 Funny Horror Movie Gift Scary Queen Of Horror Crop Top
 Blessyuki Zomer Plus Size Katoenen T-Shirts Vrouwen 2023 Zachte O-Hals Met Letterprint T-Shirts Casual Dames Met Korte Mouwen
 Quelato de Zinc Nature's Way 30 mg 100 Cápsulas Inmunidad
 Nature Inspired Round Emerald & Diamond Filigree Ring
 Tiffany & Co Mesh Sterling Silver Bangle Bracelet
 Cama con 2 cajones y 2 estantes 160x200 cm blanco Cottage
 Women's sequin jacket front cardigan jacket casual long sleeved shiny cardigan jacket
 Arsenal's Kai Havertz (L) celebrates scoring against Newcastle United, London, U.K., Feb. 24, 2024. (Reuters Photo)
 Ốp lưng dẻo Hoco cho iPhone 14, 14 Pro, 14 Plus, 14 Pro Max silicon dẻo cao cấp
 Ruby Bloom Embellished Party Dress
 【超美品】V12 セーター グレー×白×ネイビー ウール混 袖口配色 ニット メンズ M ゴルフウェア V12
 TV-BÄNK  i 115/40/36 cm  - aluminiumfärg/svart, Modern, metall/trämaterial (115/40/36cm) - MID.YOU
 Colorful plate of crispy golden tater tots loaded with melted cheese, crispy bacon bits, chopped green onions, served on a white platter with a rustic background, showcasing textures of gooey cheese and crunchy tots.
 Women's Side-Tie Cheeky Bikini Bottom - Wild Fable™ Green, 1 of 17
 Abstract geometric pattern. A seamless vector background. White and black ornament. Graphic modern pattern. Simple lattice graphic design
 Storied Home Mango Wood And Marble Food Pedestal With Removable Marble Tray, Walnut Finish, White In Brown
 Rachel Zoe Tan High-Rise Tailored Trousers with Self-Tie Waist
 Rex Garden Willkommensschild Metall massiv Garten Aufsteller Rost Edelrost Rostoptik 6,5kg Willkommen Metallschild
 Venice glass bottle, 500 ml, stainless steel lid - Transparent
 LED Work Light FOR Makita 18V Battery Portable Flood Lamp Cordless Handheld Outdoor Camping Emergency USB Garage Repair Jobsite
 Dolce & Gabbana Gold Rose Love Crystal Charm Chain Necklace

==========

-- Task statement --
Each line of the material above needs to be returned exactly as written.

-- Completed exercise --
 Funny Horror Movie Gift Scary Queen Of Horror Crop Top
 Blessyuki Zomer Plus Size Katoenen T-Shirts Vrouwen 2023 Zachte O-Hals Met Letterprint T-Shirts Casual Dames Met Korte Mouwen
 Quelato de Zinc Nature's Way 30 mg 100 Cápsulas Inmunidad
 Nature Inspired Round Emerald & Diamond Filigree Ring
 Tiffany & Co Mesh Sterling Silver Bangle Bracelet
 Cama con 2 cajones y 2 estantes 160x200 cm blanco Cottage
 Women's sequin jacket front cardigan jacket casual long sleeved shiny cardigan jacket
 Arsenal's Kai Havertz (L) celebrates scoring against Newcastle United, London, U.K., Feb. 24, 2024. (Reuters Photo)
 Ốp lưng dẻo Hoco cho iPhone 14, 14 Pro, 14 Plus, 14 Pro Max silicon dẻo cao cấp
 Ruby Bloom Embellished Party Dress
 【超美品】V12 セーター グレー×白×ネイビー ウール混 袖口配色 ニット メンズ M ゴルフウェア V12
 TV-BÄNK  i 115/40/36 cm  - aluminiumfärg/svart, Modern, metall/trämaterial (115/40/36cm) - MID.YOU
 Colorful plate of crispy golden tater tots loaded with melted cheese, crispy bacon bits, chopped green onions, served on a white platter with a rustic background, showcasing textures of gooey cheese and crunchy tots.
 Women's Side-Tie Cheeky Bikini Bottom - Wild Fable™ Green, 1 of 17
 Abstract geometric pattern. A seamless vector background. White and black ornament. Graphic modern pattern. Simple lattice graphic design
 Storied Home Mango Wood And Marble Food Pedestal With Removable Marble Tray, Walnut Finish, White In Brown
 Rachel Zoe Tan High-Rise Tailored Trousers with Self-Tie Waist
 Rex Garden Willkommensschild Metall massiv Garten Aufsteller Rost Edelrost Rostoptik 6,5kg Willkommen Metallschild
 Venice glass bottle, 500 ml, stainless steel lid - Transparent
 LED Work Light FOR Makita 18V Battery Portable Flood Lamp Cordless Handheld Outdoor Camping Emergency USB Garage Repair Jobsite
 Dolce & Gabbana Gold Rose Love Crystal Charm Chain Necklace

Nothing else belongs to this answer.